In their original letter of findings, the Local Human Rights Committee said that Region Ten provided documents showing their willingness to restart the process of receiving services for Anderson, and that Anderson refused due to the condition that she sign the behavioral contract. The condition itself was “not considered retaliation,” they wrote. They also found that Anderson’s allegation about the delayed response to her complaint “did not meet the regulatory definition of discrimination.”
Anderson then appealed the local committee’s findings on the last two claims to the state. On May 11, the State Human Rights Committee unanimously voted to overturn the local committee’s findings on those claims.
On the retaliation claim, the state committee found in favor of Anderson for three reasons: the closeness in time between her complaint and her discharge from services, the fact that Region Ten only offered her one meeting date to discuss discharge, and the fact that neither Anderson nor her treatment team was present at that meeting.
On the second appealed claim, the state committee said that, regardless of the violation’s classification as a “complaint of discrimination,” the timeframe for Region Ten’s response to her complaint did not meet regulations.
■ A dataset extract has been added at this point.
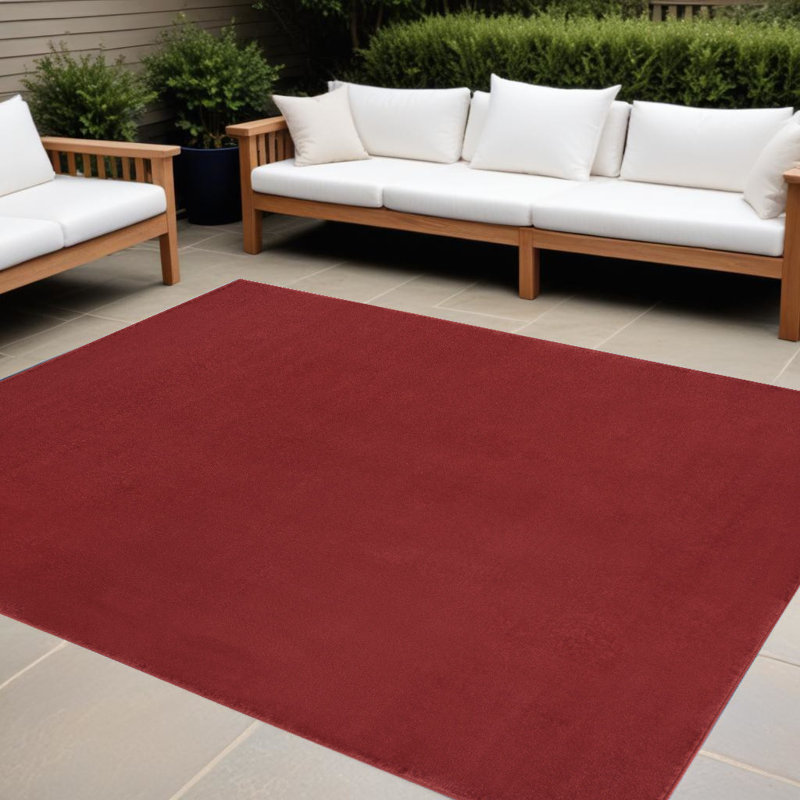 Tapis d'extérieur 9 pi x 12 pi rouge brique résistant aux taches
In addition to the state committee’s findings, the Local Human Rights Committee also has found Region Ten in violation of five new human rights regulations that Anderson submitted in February. Each of those violations — again having to do with Anderson’s dignity and right to services — stems from Anderson’s unsigned behavioral contract.
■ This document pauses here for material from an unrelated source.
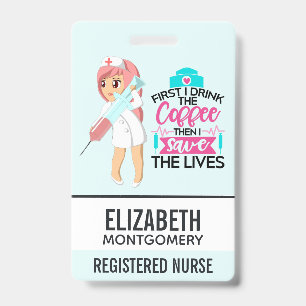 Tarjeta De Identificación Dicho divertido de enfermera con aguja hipodérmica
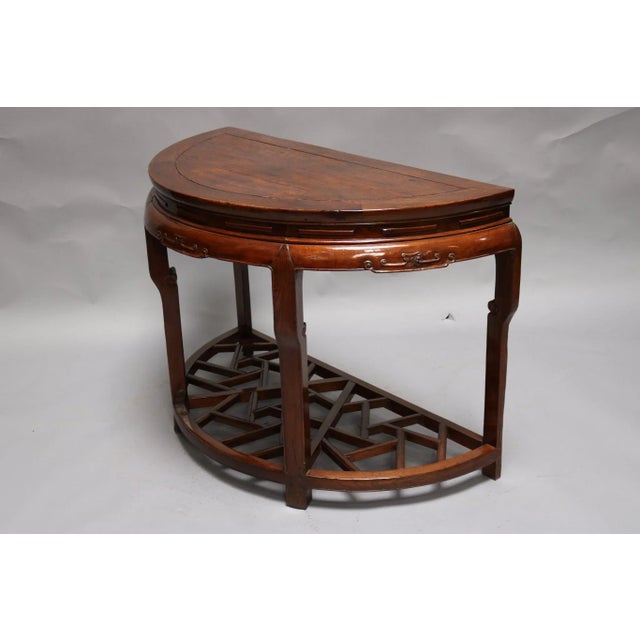 Half of a Elm Wood Demi-lune Table, Jiangsu Province, China, c. 1850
“That behavioral contract placed limitations on my ability to complain, as well as my ability to access my records, both of which were in violation of the human rights code,” Anderson said.
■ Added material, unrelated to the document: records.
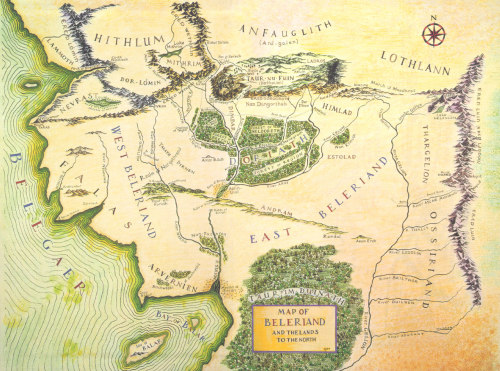 elrondsdaughter: Beleriand map by J.R.R Tolkien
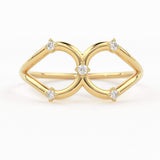 14K Double Loop Ring / Diamond Loop Ring / Double Ring / Two Rings in One / Double Pear / Statement Ring / Cocktail Ring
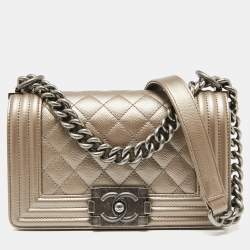 Pre Owned Chanel Metallic Beige Quilted Caviar Leather Small Boy Flap Bag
In light of each committee’s findings, Anderson still is displeased with Region Ten’s handling of her situation, stating that Region Ten has a “serious problem” with anyone who asks too many questions, and that its actions could be troubling for anyone else who needs to seek treatment.
“The problem is — this isn’t like getting disinvited to the local country club,” Anderson said. “I really needed those services and I was denied those services, not based on the fact that I didn’t need them, but based on the fact that they wanted to have more control over the manner in which I made complaints, how I access my records and all of these other things.”
She continued that Executive Director Robert Johnson was not fit to lead Region Ten, given the state committee’s finding that Region Ten retaliated against her. She suggested that Johnson and his upper-level staff either did not have a clear understanding of the human rights code of Virginia, or that they did not feel that its rules and regulations applied to them.
“In either case, it sets a dangerous precedent for all clients receiving services,” Anderson said.
When asked for comment on the matter, Johnson said that department regulations prohibit him from speaking publicly about any particular individual’s case, and that such a rule made it difficult for the “other side of the story” to come out.
Johnson noted that he has seen very few complaints come through the office before, and that they rarely go before the Human Rights Committee. He added that, in his position, it is imperative to “weigh the rights of consumers against the safety of staff.”
“We typically handle issues like this in-house, usually to the satisfaction of all parties,” Johnson said. “We know that it is sometimes hard to please everybody.”
Johnson is set to retire on Sept. 30. Region Ten is currently accepting applications for its next executive director.